Your objective: Once the images are set aside, output the listing exactly as it stands.

Supplied information:
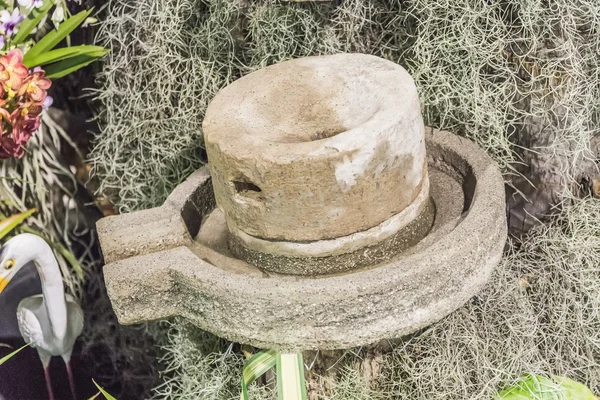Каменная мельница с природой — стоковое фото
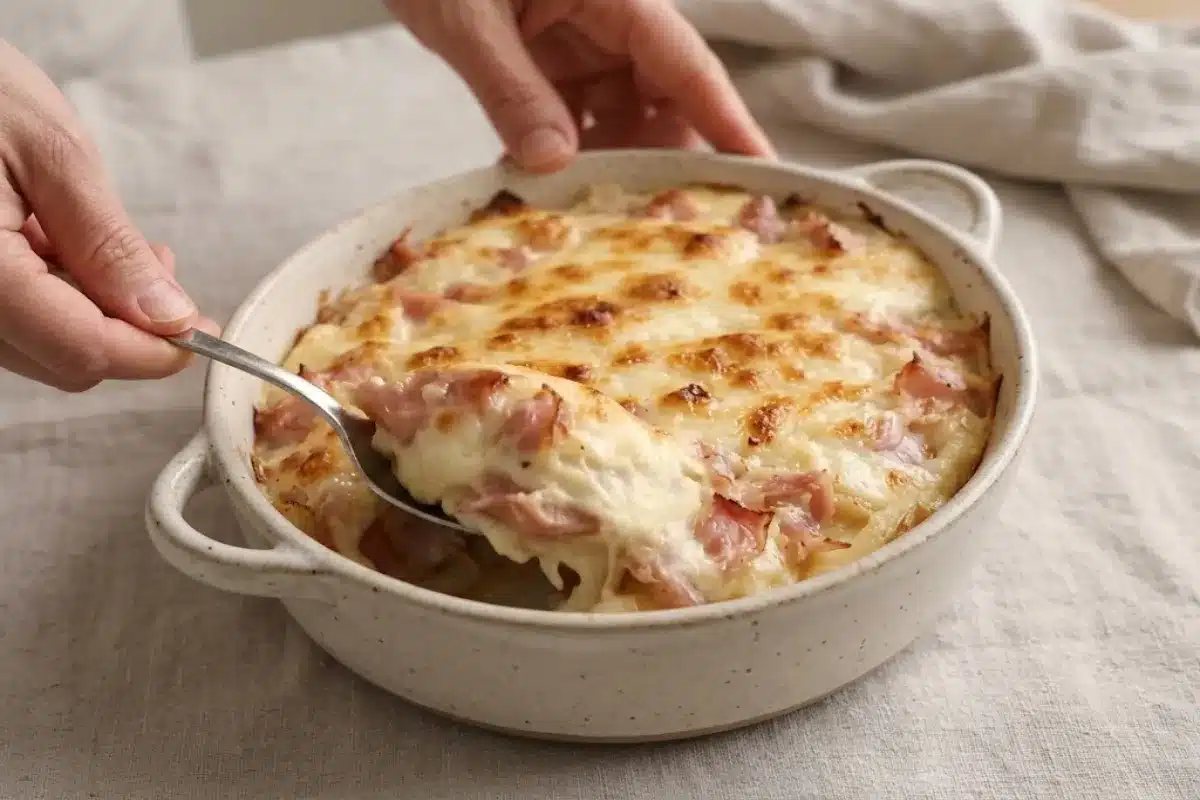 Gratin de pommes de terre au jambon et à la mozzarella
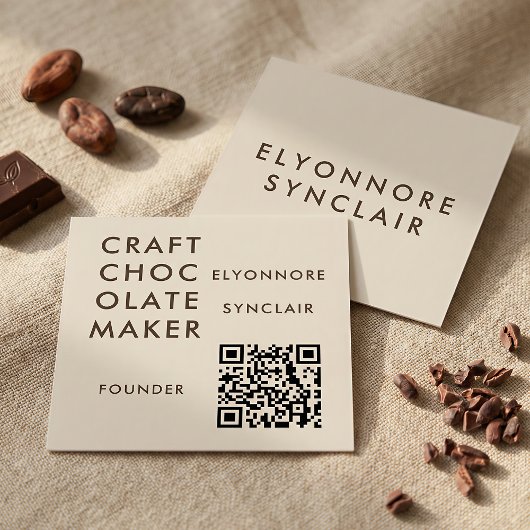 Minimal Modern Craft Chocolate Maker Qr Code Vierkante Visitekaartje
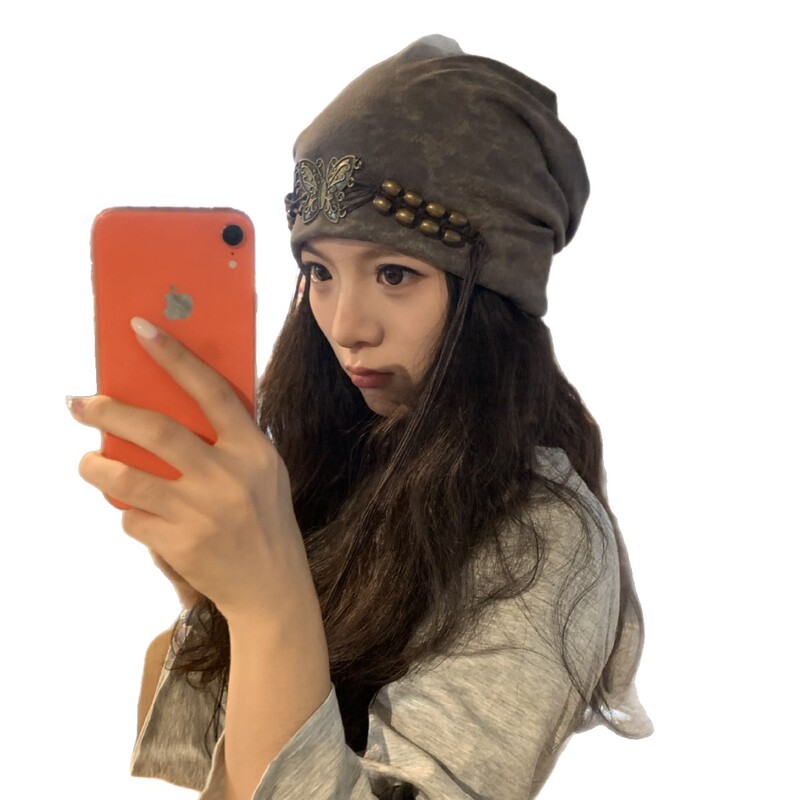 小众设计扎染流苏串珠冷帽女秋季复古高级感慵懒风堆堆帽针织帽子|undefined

Reply:
Каменная мельница с природой — стоковое фото
 Gratin de pommes de terre au jambon et à la mozzarella
 Minimal Modern Craft Chocolate Maker Qr Code Vierkante Visitekaartje
 小众设计扎染流苏串珠冷帽女秋季复古高级感慵懒风堆堆帽针织帽子|undefined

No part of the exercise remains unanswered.